We all have learnt that there are two types of classification namely Supervised classification and unsupervised classification. In the world of remote sensing, types of landcover varies across geography and therefore it is always hard to predict a number of landcover classes exit within an area.

To perform classification regardless of it’s type, we have always known to be knowledge on the number of classes. For instance, in performing supervised classification, we not only know the instance of classes, we but also can assign a particular composite of satellite bands belonging to one particularity. Likewise, in unsupervised classification, we also tend to know the number of classes by assuming as we scan through the whole scene. In both cases, we only have slight chances of knowing the “number of classes” or “K”.

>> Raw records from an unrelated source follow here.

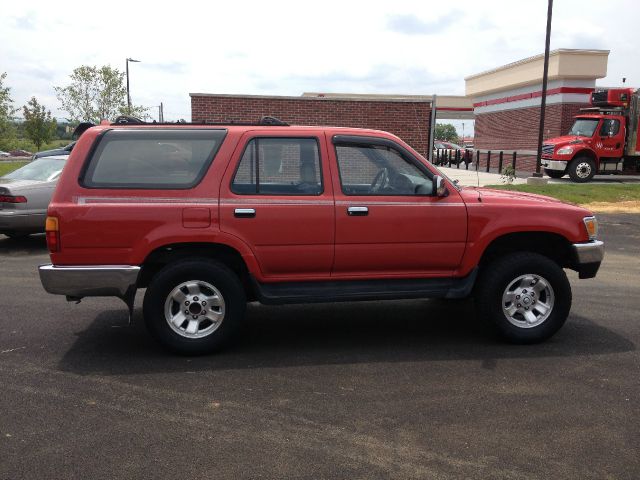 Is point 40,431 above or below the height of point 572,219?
below

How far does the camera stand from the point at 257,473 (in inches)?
130

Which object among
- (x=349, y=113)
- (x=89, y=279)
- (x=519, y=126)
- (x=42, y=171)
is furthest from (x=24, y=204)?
(x=519, y=126)

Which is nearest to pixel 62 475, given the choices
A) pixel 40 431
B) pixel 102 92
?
pixel 40 431

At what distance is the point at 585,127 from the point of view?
76.5 ft

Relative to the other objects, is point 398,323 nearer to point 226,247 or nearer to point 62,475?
point 226,247

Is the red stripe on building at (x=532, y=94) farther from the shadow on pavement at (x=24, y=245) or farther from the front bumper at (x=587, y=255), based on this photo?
the front bumper at (x=587, y=255)

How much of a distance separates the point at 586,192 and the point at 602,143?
5.15m

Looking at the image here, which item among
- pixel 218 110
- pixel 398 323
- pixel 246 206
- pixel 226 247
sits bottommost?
pixel 398 323

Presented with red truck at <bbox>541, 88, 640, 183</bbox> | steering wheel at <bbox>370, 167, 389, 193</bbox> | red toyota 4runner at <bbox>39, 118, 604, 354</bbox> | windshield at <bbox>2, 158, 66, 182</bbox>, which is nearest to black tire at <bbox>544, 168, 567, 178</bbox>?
red truck at <bbox>541, 88, 640, 183</bbox>

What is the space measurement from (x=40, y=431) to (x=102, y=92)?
3332 centimetres

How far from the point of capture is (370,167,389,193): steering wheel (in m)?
5.33

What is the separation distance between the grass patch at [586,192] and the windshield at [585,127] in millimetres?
3279

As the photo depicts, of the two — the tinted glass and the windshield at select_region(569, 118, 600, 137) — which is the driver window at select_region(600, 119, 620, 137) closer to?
the windshield at select_region(569, 118, 600, 137)

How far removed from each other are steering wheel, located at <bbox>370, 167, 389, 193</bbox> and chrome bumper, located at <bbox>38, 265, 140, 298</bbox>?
2.09m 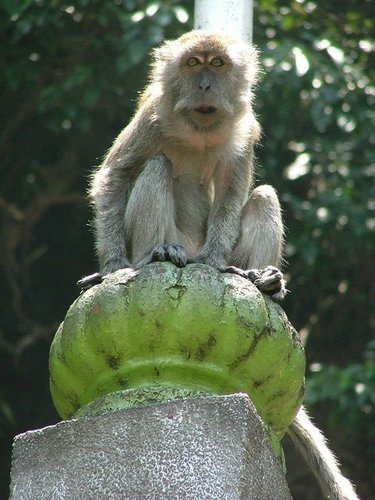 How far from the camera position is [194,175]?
796 cm

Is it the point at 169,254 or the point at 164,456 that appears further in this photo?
the point at 169,254

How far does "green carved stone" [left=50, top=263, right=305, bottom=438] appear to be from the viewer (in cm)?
544

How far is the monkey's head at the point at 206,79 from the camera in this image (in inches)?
299

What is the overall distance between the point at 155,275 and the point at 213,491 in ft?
3.87

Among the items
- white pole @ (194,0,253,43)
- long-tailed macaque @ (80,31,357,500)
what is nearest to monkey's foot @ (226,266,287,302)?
long-tailed macaque @ (80,31,357,500)

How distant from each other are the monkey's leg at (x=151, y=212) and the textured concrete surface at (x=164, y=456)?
207 centimetres

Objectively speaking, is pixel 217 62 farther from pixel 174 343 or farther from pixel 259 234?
pixel 174 343

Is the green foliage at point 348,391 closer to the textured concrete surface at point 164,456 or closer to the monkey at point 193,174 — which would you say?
the monkey at point 193,174

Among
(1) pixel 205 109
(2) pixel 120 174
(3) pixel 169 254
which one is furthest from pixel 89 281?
(1) pixel 205 109

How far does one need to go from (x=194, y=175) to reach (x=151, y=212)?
83 cm

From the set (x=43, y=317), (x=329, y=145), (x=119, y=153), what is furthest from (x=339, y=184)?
(x=119, y=153)

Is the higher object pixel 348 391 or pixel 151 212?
pixel 151 212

In my case of trying to find the optimal number of “K” in our dataset, the elbow method is used. It is stated as

“A fundamental step for any unsupervised algorithm is to determine the optimal number of clusters into which the data may be clustered. The Elbow Method is one of the most popular methods to determine this optimal value of k.”

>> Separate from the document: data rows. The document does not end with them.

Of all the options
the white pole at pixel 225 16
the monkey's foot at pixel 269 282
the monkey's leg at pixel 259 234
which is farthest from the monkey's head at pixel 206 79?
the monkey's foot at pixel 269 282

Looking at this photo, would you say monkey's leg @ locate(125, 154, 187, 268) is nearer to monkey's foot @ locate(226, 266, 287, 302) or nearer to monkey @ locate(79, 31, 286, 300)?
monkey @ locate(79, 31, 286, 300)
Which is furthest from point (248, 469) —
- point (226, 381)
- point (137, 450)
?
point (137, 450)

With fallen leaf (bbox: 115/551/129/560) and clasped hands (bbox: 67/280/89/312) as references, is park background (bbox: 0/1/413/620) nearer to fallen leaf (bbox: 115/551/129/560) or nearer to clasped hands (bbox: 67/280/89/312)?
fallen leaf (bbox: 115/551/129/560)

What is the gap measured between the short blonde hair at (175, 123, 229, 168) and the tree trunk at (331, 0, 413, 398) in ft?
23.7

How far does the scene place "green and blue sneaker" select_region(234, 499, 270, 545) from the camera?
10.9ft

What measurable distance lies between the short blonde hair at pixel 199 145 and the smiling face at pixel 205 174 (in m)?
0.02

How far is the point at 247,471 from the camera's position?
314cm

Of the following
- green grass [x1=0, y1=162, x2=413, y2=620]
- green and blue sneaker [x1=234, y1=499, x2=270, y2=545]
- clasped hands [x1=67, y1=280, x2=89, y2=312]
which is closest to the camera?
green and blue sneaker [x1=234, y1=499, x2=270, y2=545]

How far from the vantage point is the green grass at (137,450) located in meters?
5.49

I am using random satellite images I found on internet to identify it’s cluster as show below.

I then read the simple image using PIL library to open the image and read it as numpy array. Once the image is read, pyrsgis module is used to transform it’s axis to categorize into respective RGB sets of values.

I then again set the list of K values for my areas of interest supposing from 1 to 15. The distortion and inertia values were calculated iteratively using sklearn module.

Distortion and inertia values for each classes

As shown in the figure, in determining the optimal number of clusters, we have to select the value of k at the “elbow” ie the point after which the distortion/inertia start decreasing in a linear fashion. Thus for the given data, we conclude that the optimal number of clusters for the data is 3.

Once the optimal number is selected , we used Kmeans from sklearn to do unsupervised classification and the results can be seen as below.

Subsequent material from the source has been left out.